Crossplane provider proposal #7085

zanderfriz · 2025-11-03T21:23:20Z

What this PR does: Introduces a proposal for a crossplane provider to the cortex project) to declaratively manage Cortex Alertmanager and Ruler configurations through Kubernetes Custom Resources.

Which issue(s) this PR fixes: N/A
Checklist

[N/A] Tests updated
Documentation added
[ N/A] CHANGELOG.md updated - the order of entries should be [CHANGE], [FEATURE], [ENHANCEMENT], [BUGFIX]

friedrichg · 2025-11-03T23:50:31Z

thanks!. please follow https://github.com/cortexproject/cortex/pull/7085/checks?check_run_id=54406852290 to fix DCO

friedrichg · 2025-11-17T18:42:27Z

@zanderfriz please rebase to have CI pass the PR. We made some changes in GitHub Actions

friedrichg · 2025-11-17T19:05:43Z

I am in support of this proposal

I have 2 requests to merge this as accepted:

Let's put this in a separate repo inside cortexproject, where the selected maintainers will be able to keep this component updated.
We need 2 maintainers for this. (I can't be a maintainer, sorry). I am expecting you will be one of the mantainers. Can you find 1 person to help you with this?

alolita · 2025-11-18T05:02:07Z

+1 on making sure there are at least 2 maintainers for this provider component.

Support a separate repo within the project.

SungJin1212 · 2025-11-20T01:45:56Z

+1

Signed-off-by: afrisvold <afrisvold@apple.com>

zanderfriz · 2025-11-21T00:15:59Z

After discussing with @devopsjedi, he said he would be happy to be a maintainer on this project

devopsjedi · 2025-11-21T02:15:26Z

After discussing with @devopsjedi, he said he would be happy to be a maintainer on this project

Agreed- excited to support this effort!

yeya24 · 2025-11-22T19:21:00Z

docs/proposals/crossplane-provider.md

+
+#### TenantConfig
+
+The TenantConfig CRD manages connection details and authentication for a specific Cortex tenant:


Why connection and auth only? And how tenant config will be consumed by Cortex?
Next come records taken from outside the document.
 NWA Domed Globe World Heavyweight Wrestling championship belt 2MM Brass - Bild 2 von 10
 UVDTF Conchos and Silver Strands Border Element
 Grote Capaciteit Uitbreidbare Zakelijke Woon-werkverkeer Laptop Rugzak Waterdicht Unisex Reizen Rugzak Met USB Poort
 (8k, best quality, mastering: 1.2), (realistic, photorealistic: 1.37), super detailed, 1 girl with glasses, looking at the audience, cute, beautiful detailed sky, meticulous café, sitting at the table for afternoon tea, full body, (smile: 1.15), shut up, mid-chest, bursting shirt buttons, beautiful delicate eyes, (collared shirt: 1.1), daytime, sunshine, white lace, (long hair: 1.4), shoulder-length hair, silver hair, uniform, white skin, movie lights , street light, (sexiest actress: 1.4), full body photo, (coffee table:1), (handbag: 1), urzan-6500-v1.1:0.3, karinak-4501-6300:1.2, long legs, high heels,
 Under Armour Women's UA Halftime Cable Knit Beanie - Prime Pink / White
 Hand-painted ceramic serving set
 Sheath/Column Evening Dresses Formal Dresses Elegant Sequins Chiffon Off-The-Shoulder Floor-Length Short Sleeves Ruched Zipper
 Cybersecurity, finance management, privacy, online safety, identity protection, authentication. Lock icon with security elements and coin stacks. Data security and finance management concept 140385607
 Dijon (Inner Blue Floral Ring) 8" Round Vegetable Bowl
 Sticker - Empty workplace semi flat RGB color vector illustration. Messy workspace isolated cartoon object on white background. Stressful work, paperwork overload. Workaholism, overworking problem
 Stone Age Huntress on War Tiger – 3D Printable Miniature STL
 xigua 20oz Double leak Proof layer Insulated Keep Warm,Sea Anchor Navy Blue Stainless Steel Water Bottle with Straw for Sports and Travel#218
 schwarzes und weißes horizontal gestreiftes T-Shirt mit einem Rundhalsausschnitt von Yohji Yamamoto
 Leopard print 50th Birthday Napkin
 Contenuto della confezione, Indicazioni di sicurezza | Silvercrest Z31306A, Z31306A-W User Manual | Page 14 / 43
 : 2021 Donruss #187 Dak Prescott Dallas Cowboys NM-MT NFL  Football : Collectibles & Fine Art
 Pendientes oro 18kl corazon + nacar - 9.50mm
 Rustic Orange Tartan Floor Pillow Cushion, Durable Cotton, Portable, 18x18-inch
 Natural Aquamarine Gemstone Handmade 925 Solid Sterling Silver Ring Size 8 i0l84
TenantConfig is the configuration for the crossplane provider to connect to the cortex instance as a Tennant. It is not for configuring a Tenant on cortex as the cortex administrator.

forestsword

I had written a long winded version of this comment but realized it was all just a matter of my internal organization's organization. In short we can't use this version of the operator because we can't run crossplane. We're an observability team and do not have the responsibility to run something that at the same time can provision s3 buckets.

Also, neither the Prometheus nor Opentelemetry operator, two work-horses of our observability infrastructure, require that we run crossplane, why should cortex?

Don't get me wrong, I don't want to trash the idea of crossplane. It's better for the cortex community to have a crossplane provider than nothing. But we won't be able to use it where I work and that makes me sad.

forestsword · 2025-11-27T12:19:40Z

docs/proposals/crossplane-provider.md

+  providerConfigRef:
+    name: cortex-config


What is this referring to? Is it crossplane specific?

Yes this is referencing the Crossplane provider config for the cortex provider.

forestsword · 2025-11-27T12:21:00Z

docs/proposals/crossplane-provider.md

+    tenantConfigRef:
+      name: production-tenant


We run multiple clusters and it would be helpful to be able to specify multiple clusters where rules should be deployed to. Otherwise we'd need a RuleGroup per cortex cluster.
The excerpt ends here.